4D-QSAR models of HOE/BAY-793 analogues as HIV-1 protease inhihitors

HIV-1 protease is a homodimer composed of monomer subunits, each containing 99 amino acids with a single catalytic Asp residue. Four-dimensional quantitative structure-activity relationship (4D-QSAR) analysis was applied to a series of 32 C-2-symmetric diol inhibitors of HIV-1 protease. The 4D-QSAR approach can be applied to both receptor-dependent (RD) and receptor-independent (RI) problems. In the first scheme, the geometry of the receptor (molecular target, usually an enzyme) is available. By contrast, in the second scheme, the geometry of the receptor is not available or is not included in the data necessary to the analysis. Twenty-eight compounds belong to the training set, and four to the test set, which was used for external validation. These compounds are analogues of inhibitor HOE/BAY-793, important for its outstanding potency in vitro and, especially, in HIV-1 infected cell culture. Five thousand conformations of each analogue were sampled by molecular dynamic simulation for 50 ps at a constant temperature of 300 K. For each of the three trial alignments, each conformation was placed in a 2 angstrom grid cell lattice.

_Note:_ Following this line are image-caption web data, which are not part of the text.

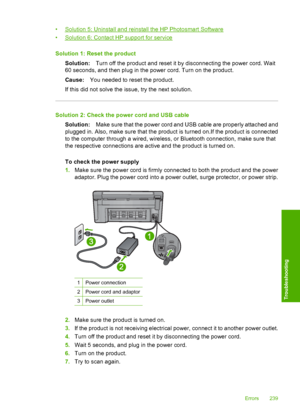 Page 242
•Solution 5: Uninstall and reinstall the HP Photosmart Software
•
Solution 6: Contact HP support for service
Solution 1: Re set the product
Solution: Turn off the product and reset it by disconnecting the power cord. Wait
60 seconds, and then plug in the power cord. Turn on the product.
Cause: You needed to reset the product.
If this did not solve the issue, try the next solution.
Solution 2: Check the power cord and USB cable Solution: Make sure that the power cord and USB cable are properly attached...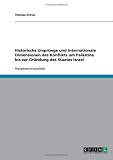 Historische Urspr�nge und internationale Dimensionen des Konflikts um Pal�stina bis zur Gr�ndung des Staates Israel - Thomas Drews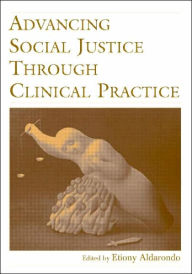 Title: Advancing Social Justice Through Clinical Practice / Edition 1, Author: Etiony Aldarondo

Optimized 4D-QSAR models were constructed by genetic algorithm (GA) optimization and partial least squares (PLS) fitting, and evaluated by the leave-one-out cross-validation method. The models developed in this analysis suggest that alignment 3 yields the best results, both statistically and qualitatively. The 4D-QSAR models developed in this study suggest novel molecular regions to be explored in the search for better anti-HIV agents to inhibit HIV-1 protease.